-- Task to carry out --
Copy task. Retype the whole listing exactly, omitting any picture in it.

----

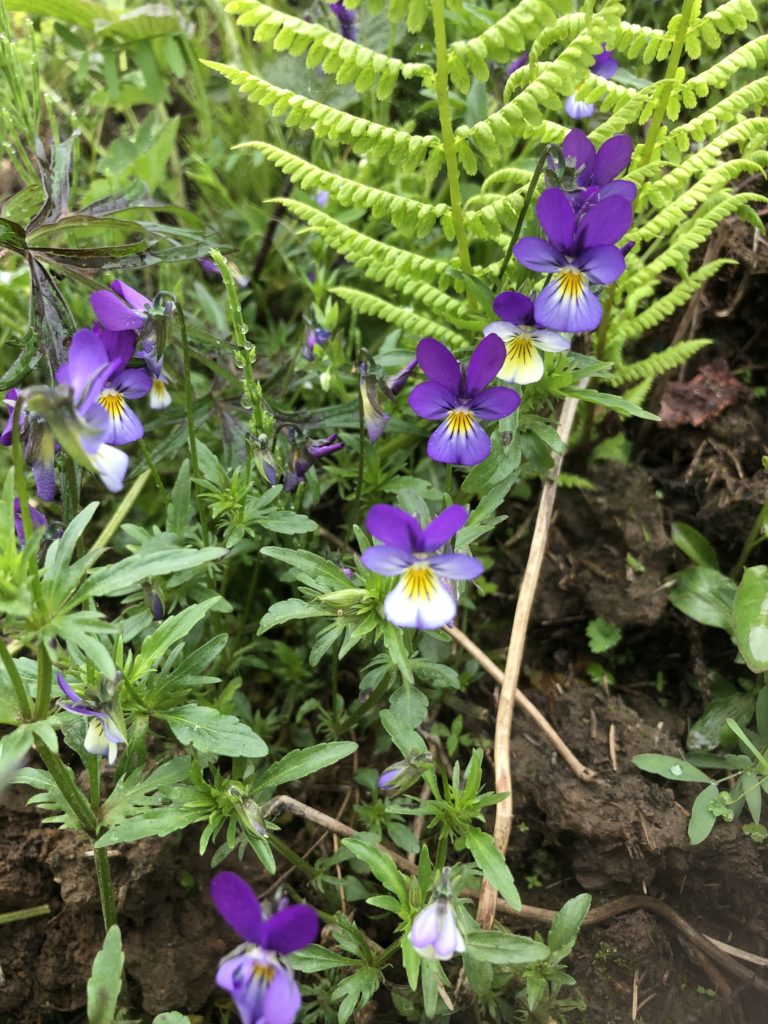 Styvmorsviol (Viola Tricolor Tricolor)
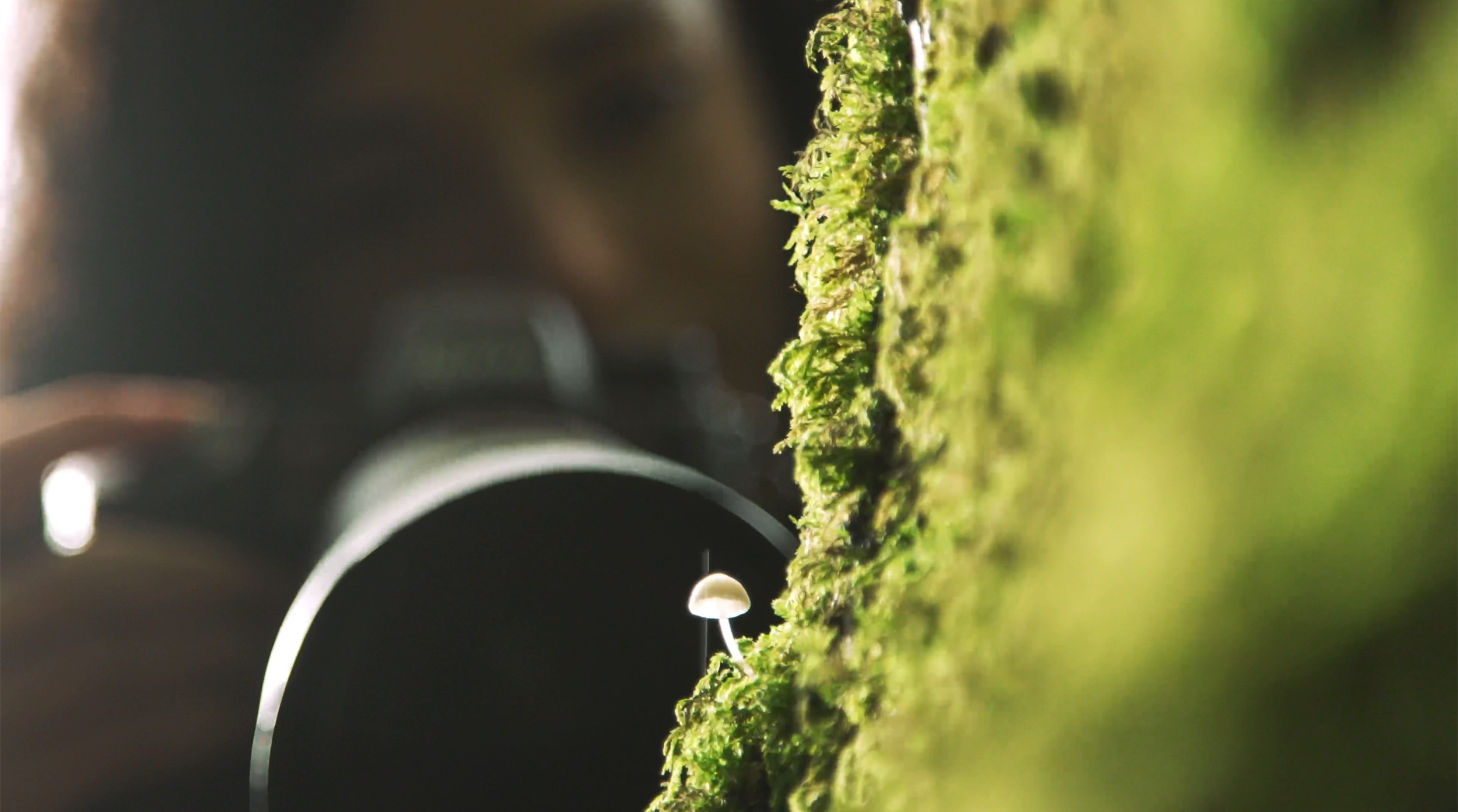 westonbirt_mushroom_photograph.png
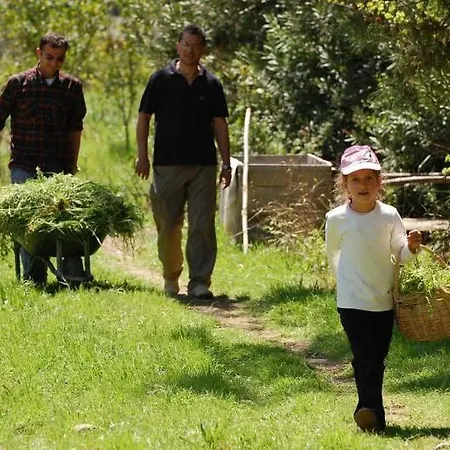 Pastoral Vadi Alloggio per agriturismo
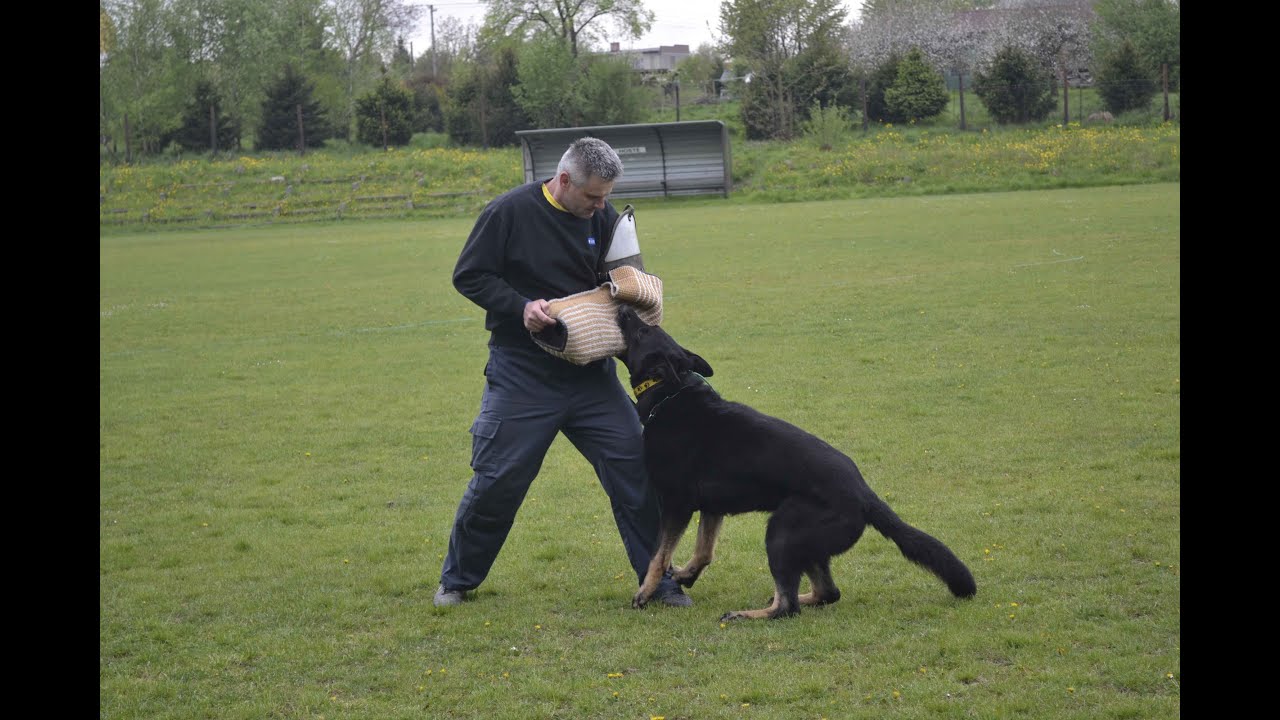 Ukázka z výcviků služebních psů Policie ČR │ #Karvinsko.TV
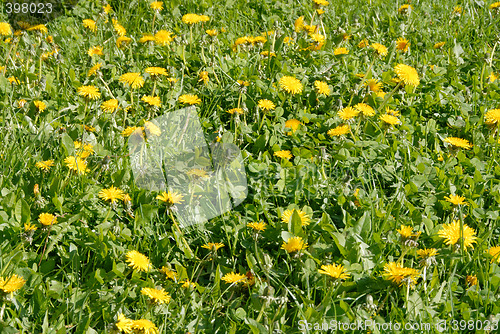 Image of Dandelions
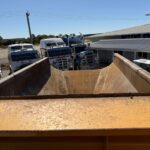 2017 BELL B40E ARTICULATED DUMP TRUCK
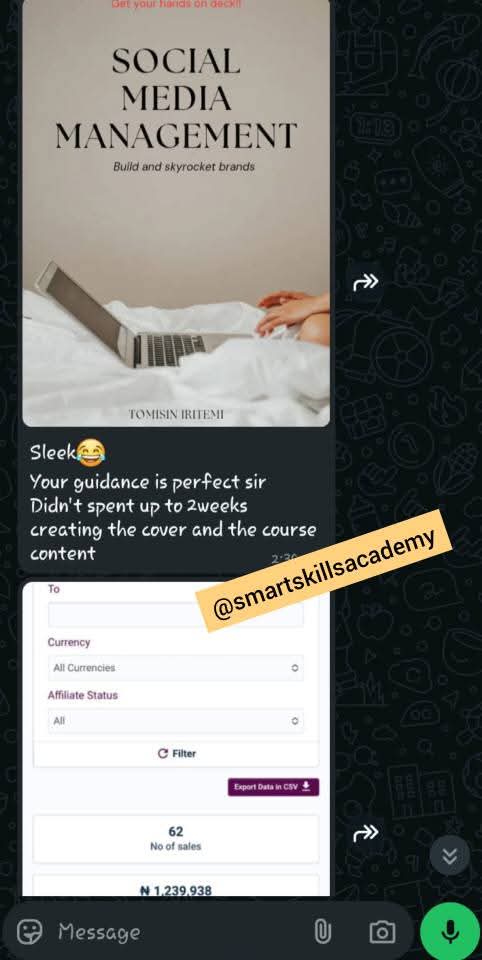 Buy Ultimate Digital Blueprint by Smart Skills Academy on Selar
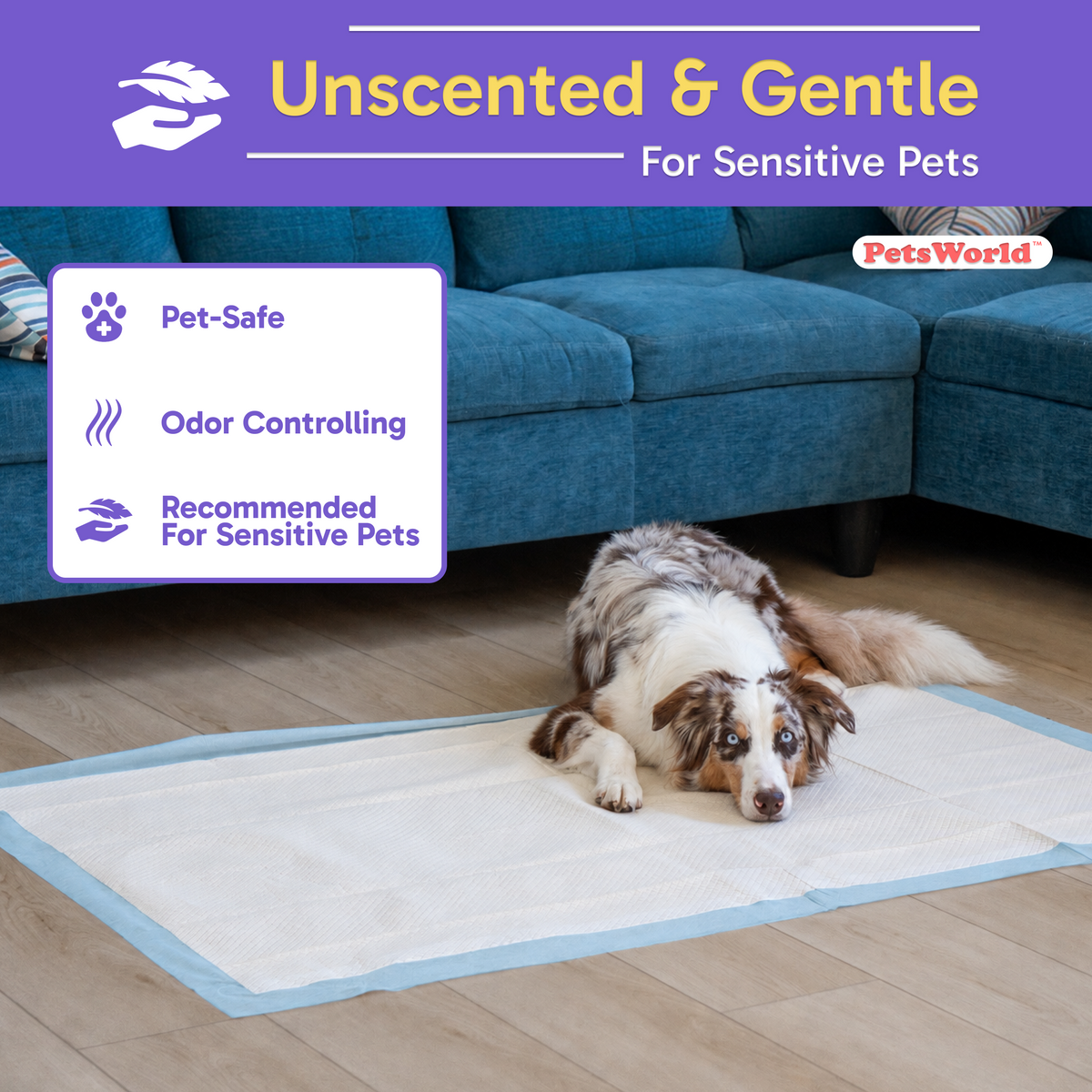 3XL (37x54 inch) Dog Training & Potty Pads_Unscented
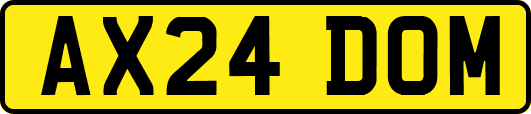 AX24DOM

----

-- Reply --
 Styvmorsviol (Viola Tricolor Tricolor)
 westonbirt_mushroom_photograph.png
 Pastoral Vadi Alloggio per agriturismo
 Ukázka z výcviků služebních psů Policie ČR │ #Karvinsko.TV
 Image of Dandelions
 2017 BELL B40E ARTICULATED DUMP TRUCK
 Buy Ultimate Digital Blueprint by Smart Skills Academy on Selar
 3XL (37x54 inch) Dog Training & Potty Pads_Unscented
 AX24DOM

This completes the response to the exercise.